Y bien por el doctor: ha conseguido el objetivo que se propuso de buenas a primeras, arreglar las cosas. Por eso sonríe cuando ve marcharse el avión de Lapidus y compañía. Por eso respira tranquilo habiendo dejado la isla en buenas manos. Ahora bien, nosotros tardaremos en olvidar tamaña eclosión emocional. Ese re-encuentro con Kate en la fantasía que todos juntos han creado, su despedida tanto en ella como en la isla… sin olvidar esa comunión general en la iglesia en que todos se congratulan y abrazan, queriéndonos decir que su viaje ha acabado… demasiado para nuestros corazones. Y brillante broche de oro para tan brillante producción, por cierto: decepcionarse con la resolución final carece de sentido, pues el guión logra lo imposible, esconder sus cartas hasta el final e imposibilitar así cualquier intento de teoría. Sólo podemos dejarnos llevar, entregar a Bender nuestros sentimientos y dejar que haga con ellos lo que quiera. Como de costumbre.
Qué le vamos a hacer, nuestra más fiel compañera televisiva nos ha dejado para siempre.
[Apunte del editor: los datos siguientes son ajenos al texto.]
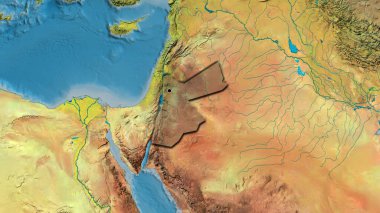 Ürdün sınır bölgesinin, topoğrafik haritada koyu bir örtüyle ışıklandırılması. Ana nokta. Ülkenin kıvrımlı kenarları. 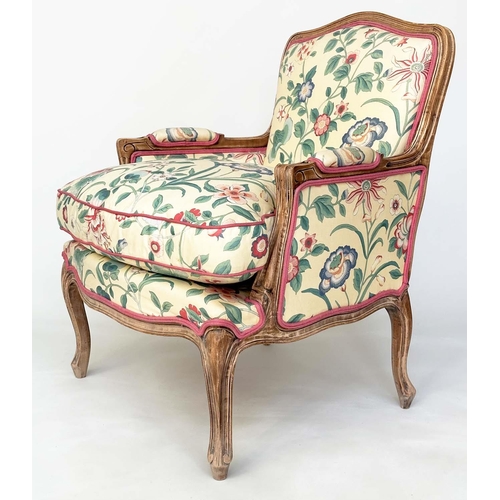 225 - BEREGERES, a pair, French walnut Louis XV style with Colefax and Fowler upholstery and feather fille... 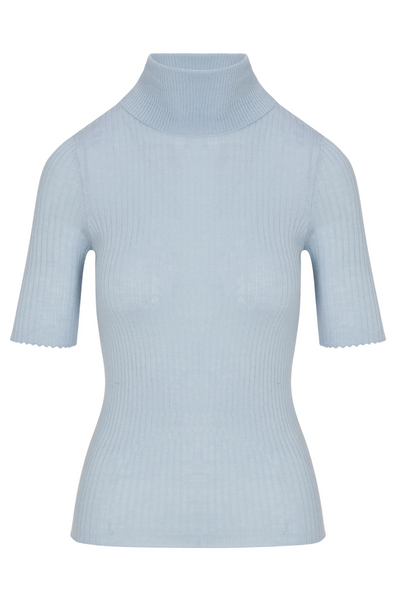 Light blue ribbed turtleneck sweater on a white background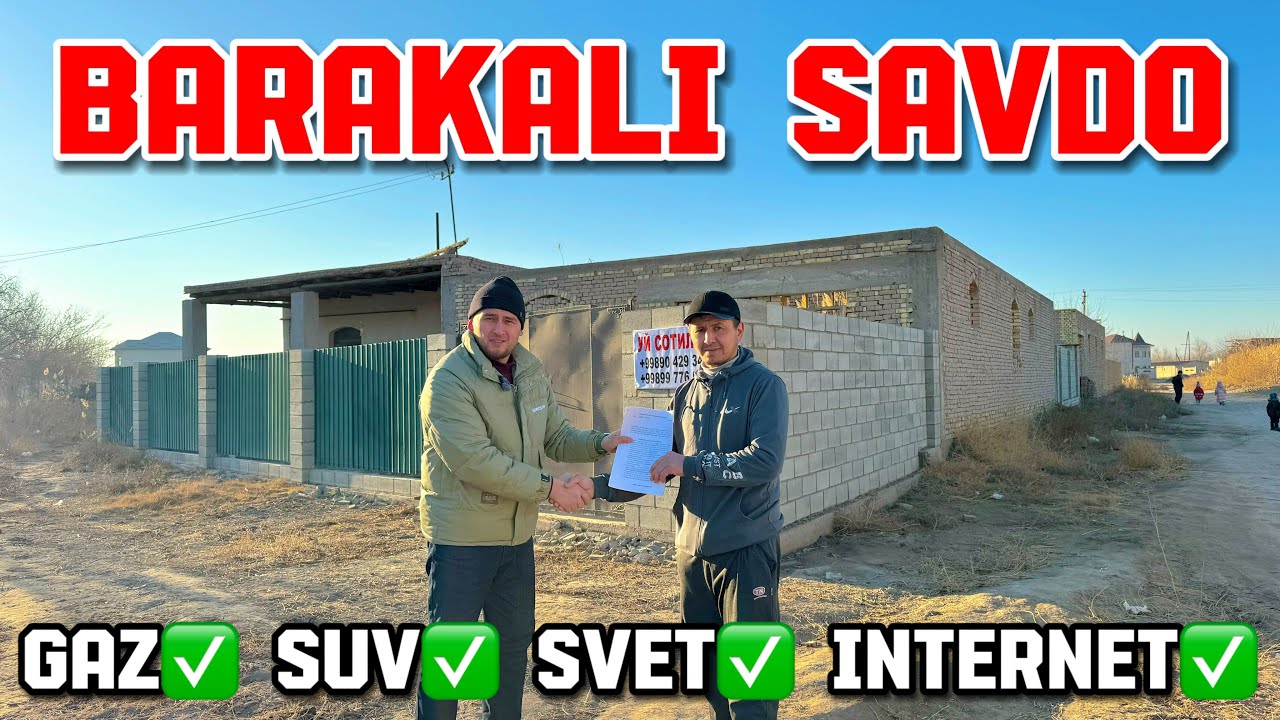 ХИВА БУСТОН МАХАЛЛАСИДА🔥КУРУЛУШИ ТУГАНЛАНМАГАН🔥ХОВЛИ ЖОЙ СОТИЛАДИ🔥
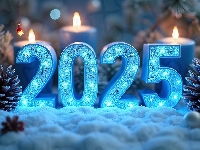 Szyszki, Niebieskie, 2025, Grafika, Nowy Rok, Cyfry, Śnieg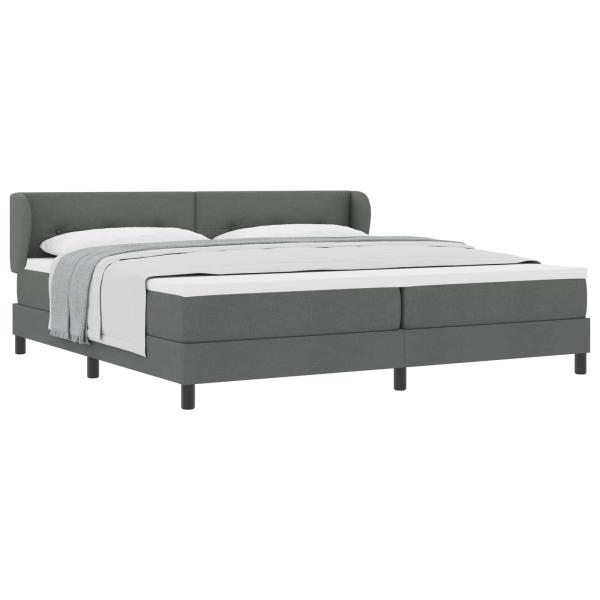 Boxspringbett mit Kopfteil Dunkelgrau 200 x 200 cm Stoff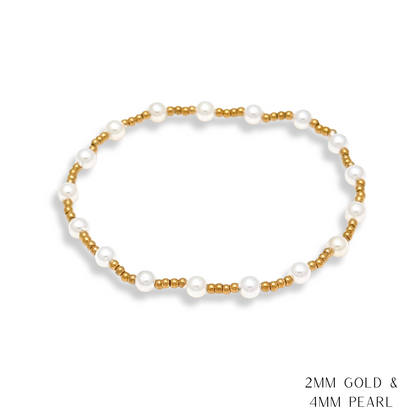 Pearl and Gold Beaded Bracelets Waterproof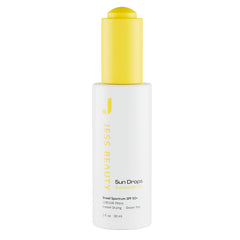 JESS BEAUTY Face Sunscreen Sun Drops SPF 50 bottle for daily sun protection and hydration.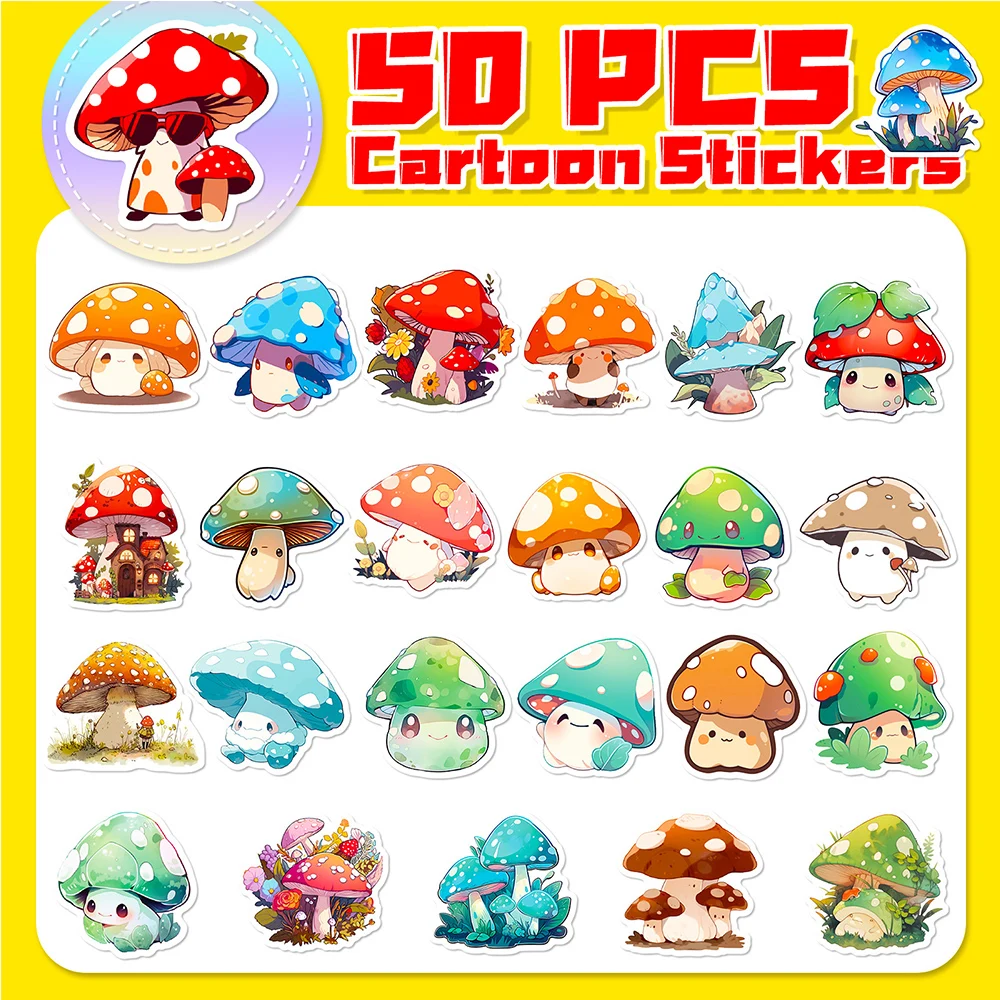 10/30/50/100pcs Kawaii Mushroom Aesthetic Stickers Graffiti Decals Laptop Scrapbook Phone Suitcase Decoration Sticker Kids Toy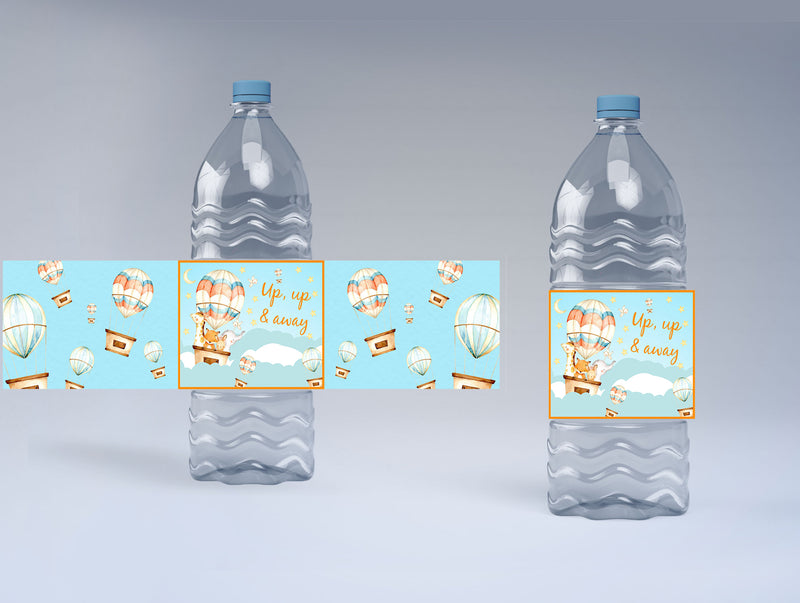 Hot Air Theme Water Bottle Labels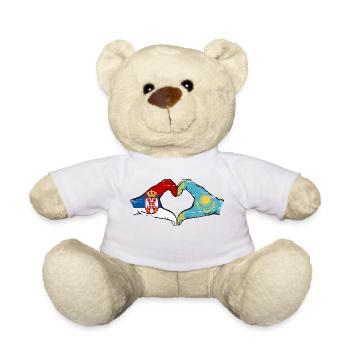 Serbien Kasachstan Flagge Hände Herzform used - Teddy - Weiß - Vorne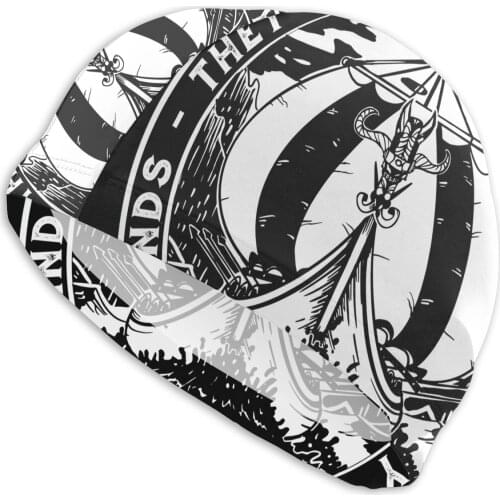 Mens Rollo Swim Caps Viking Ship Saying Nordic VIkings Gifts Vikings Bath Caps Swimwear For Swimming in the Pool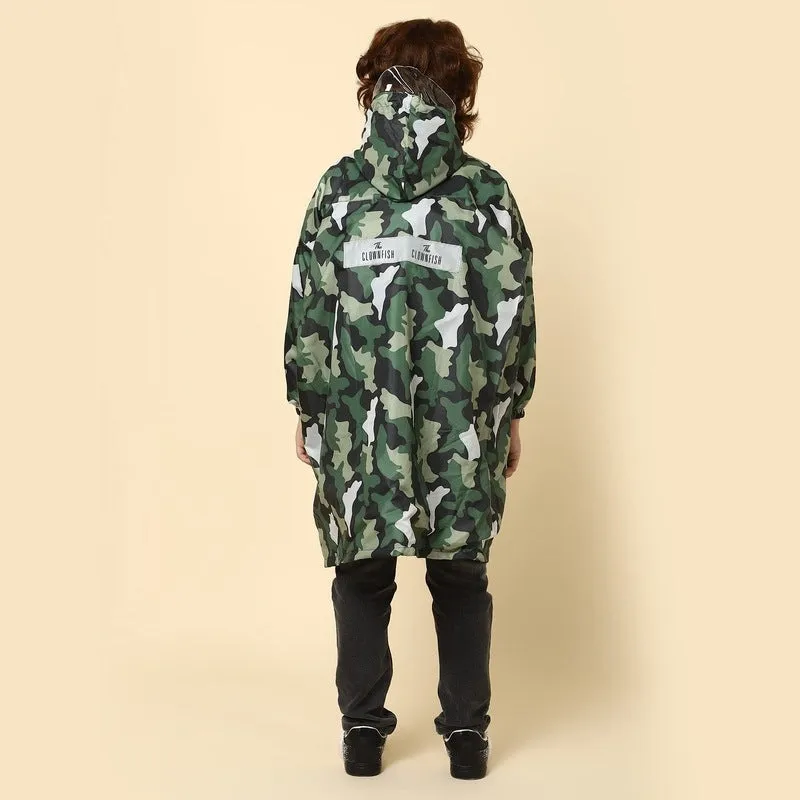 THE CLOWNFISH Archie Series Kids Waterproof PVC Longcoat with Adjustable Hood & Extra Space for Backpack/Schoolbag Holding. Plastic Pouch. Kid Age-10-11 years (Size-39-Green)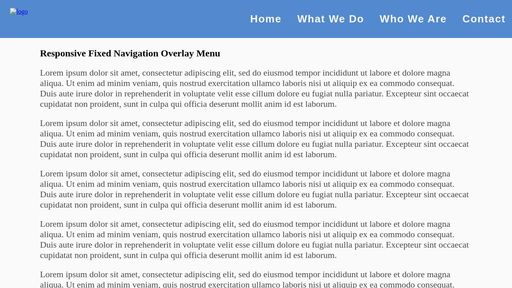 Responsive Fixed Navigation Overlay Menu - Script Codes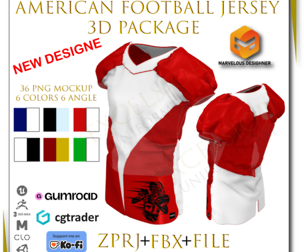American Football Jersey 3D Package 3D model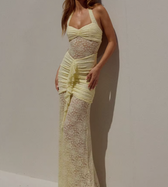 Lace Halter Neck Ruched Maxi Dress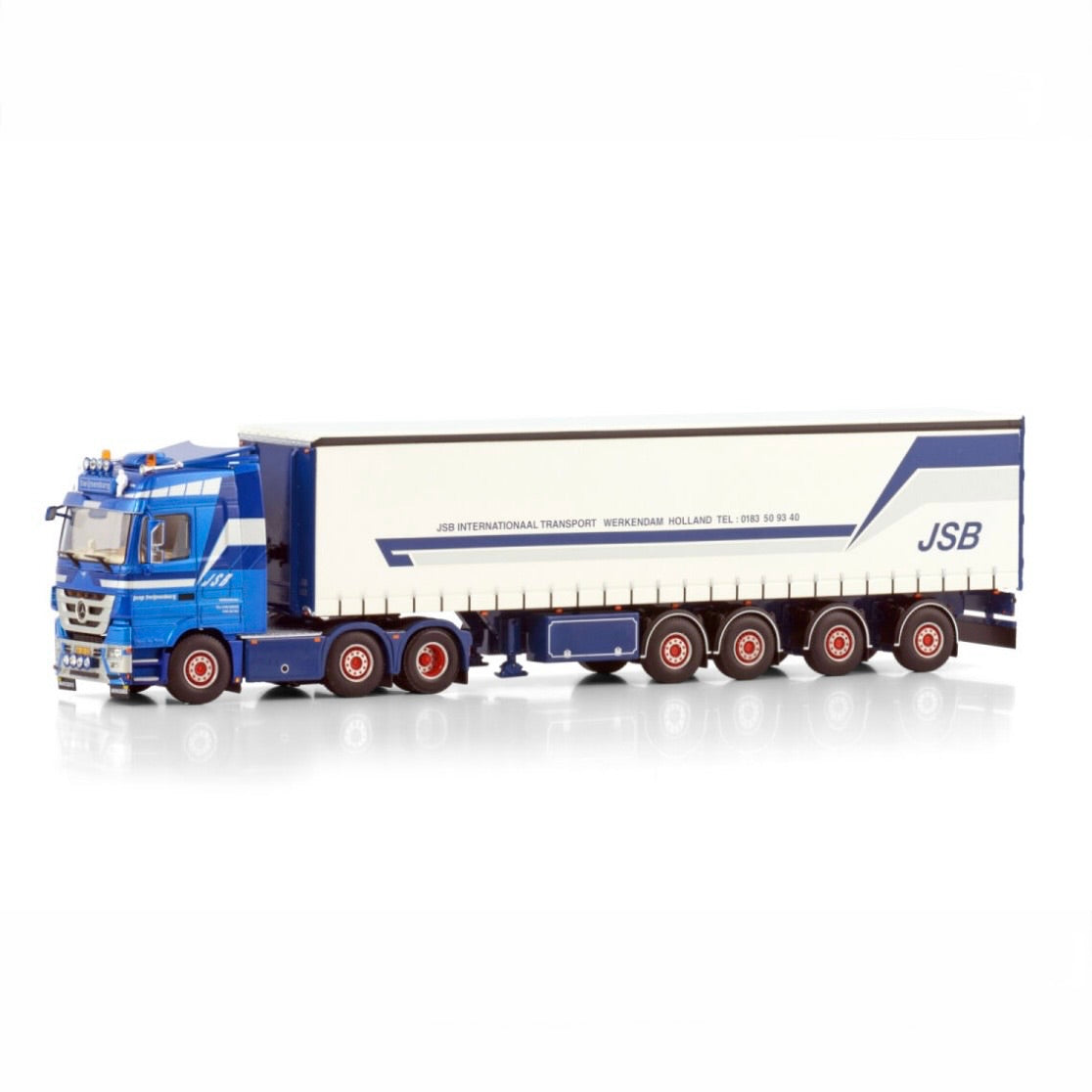 WSI JSB Swijnenburg Mercedes Actros MP3 LH 6x2 with 4 Axle Curtainside Trailer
Ya no habrá más viajes semanales a islas paradisíacas, misterios imposibles ni peleas épicas. Y afrontémoslo, tardaremos mucho en encontrar otra serie que le haga sombra.
Hace seis años comenzó una leyenda, la serie que revolucionó para siempre la televisión y el juicio de los televidentes. A partir de aquí, nos toca seguir a nosotros solos. Pero la pregunta sigue ahí: y ahora, ¿qué?